Adam me llevó a casa en cuanto de lo pedí. Había experimentado muchas emociones en una sola noche y lo único que quería era meterme a mi cama y olvidarme del mundo.

Cuando llegamos, me preguntó si quería que subiera. No para entrar, sino para asegurarse de que no volvería a llorar sola en el pasillo.

Le dije que estaría bien.

Me creyó y con un último beso, se despidió de mí.

Subí las escaleras despacio. Estaba segura de que Maddie estaría dormida. Una parte de mí incluso rezaba por eso, porque no sabía qué clase de sonrisa iba a poder darle esta noche.

Pero al abrir la puerta de nuestro pequeño departamento, vi la luz del cuarto de mi hija encendida.

Claramente había engañado a Urania para poder esperarme.

Maddie estaba sentada en su cama, abrazando su osito, con el cabello desordenado y los ojos adormilados.

—¡Mami! —exclamó, saltando del colchón— ¡Llegaste!

Cuando corrió hacia mí, la levanté sin pensarlo. Maddie me rodeó el cuello con fuerza, tan fuerte que tuve que cerrar los ojos para no romperme de nuevo.
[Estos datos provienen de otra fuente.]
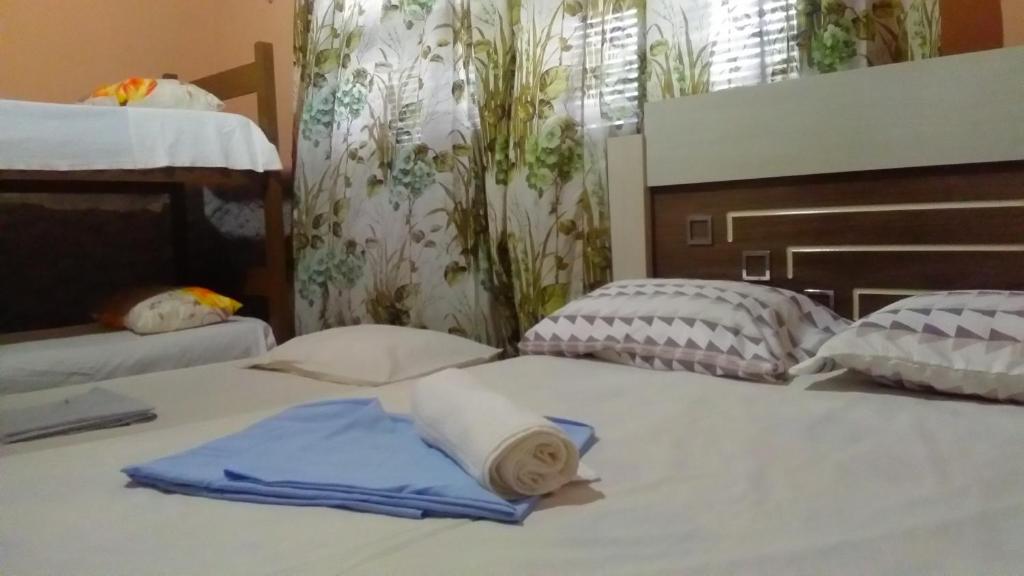 Una cama con dos almohadas y una toalla. en Praieiro Hostel Albergue, en Parnaíba
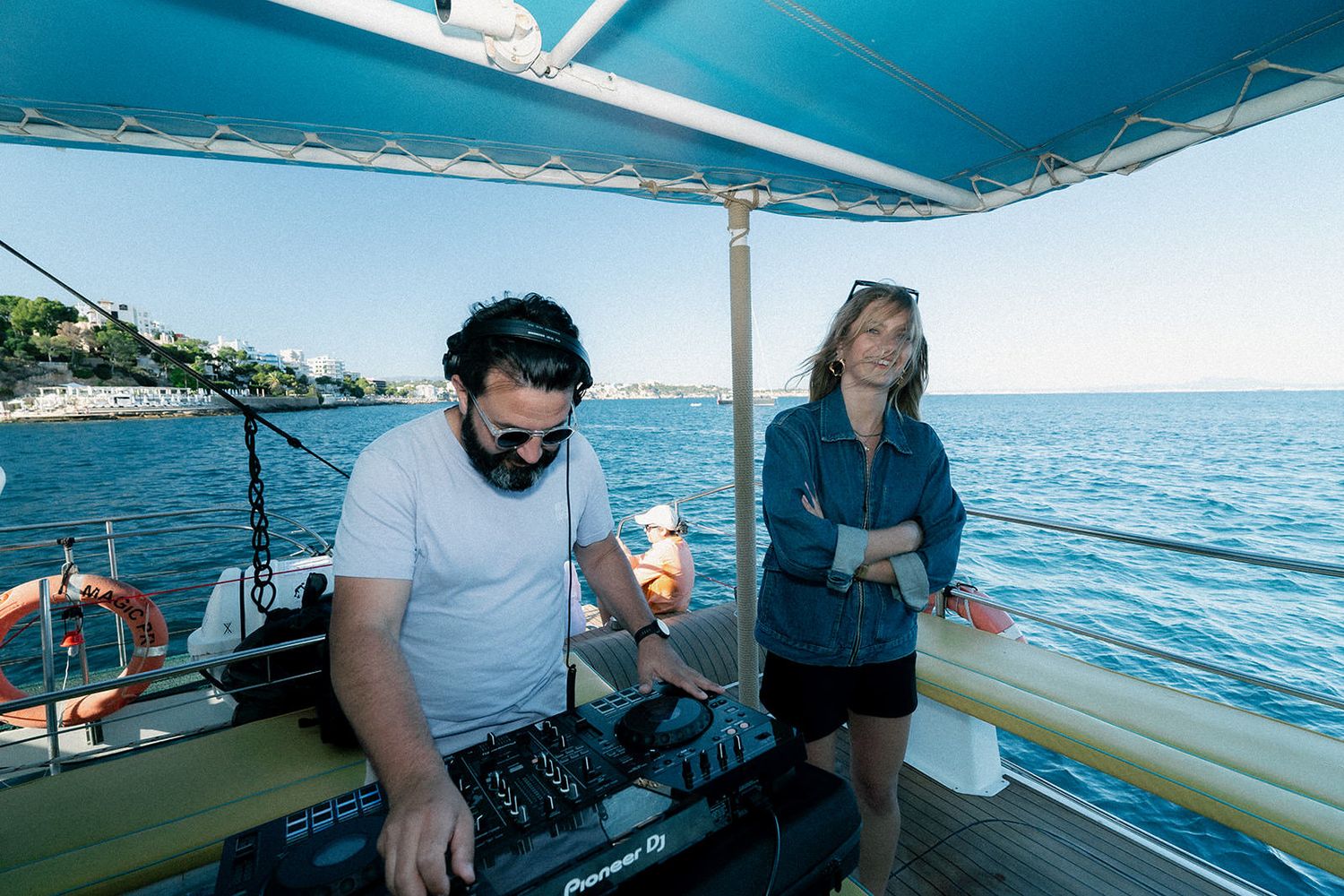 People enjoying a boat trip on turquoise waters with scenic coastal views on a sunny day.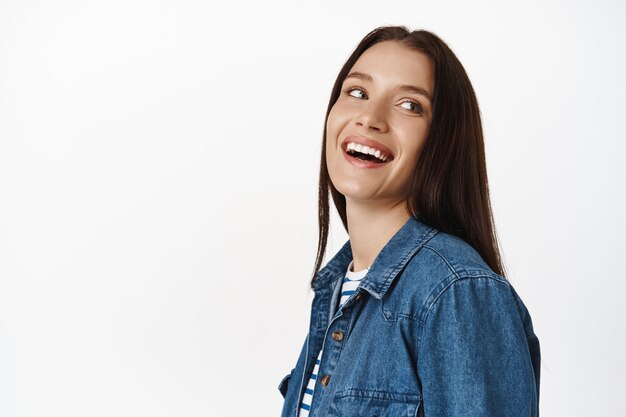 donna, modella bruna che ride e sorride denti bianchi, pelle pulita e luminosa di una femmina adulta, guardando da parte spensierata, in piedi sul bianco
Me aferré a ella. Más de lo que debería.

—Mami, ¿estás bien? —preguntó de pronto, separándose solo lo suficiente para mirarme la cara— ¿Por qué tienes los ojos rojos?

Me quedé quieta.

Mi hija tenía la edad suficiente para comenzar a notar cosas y eso sería un gran problema si no podía actuar bien... como ahora.

—Tuve un día difícil, cariño —respondí con una sonrisa cansada—. Pero ya pasó.

Ella frunció la nariz, como si lo estuviera procesando.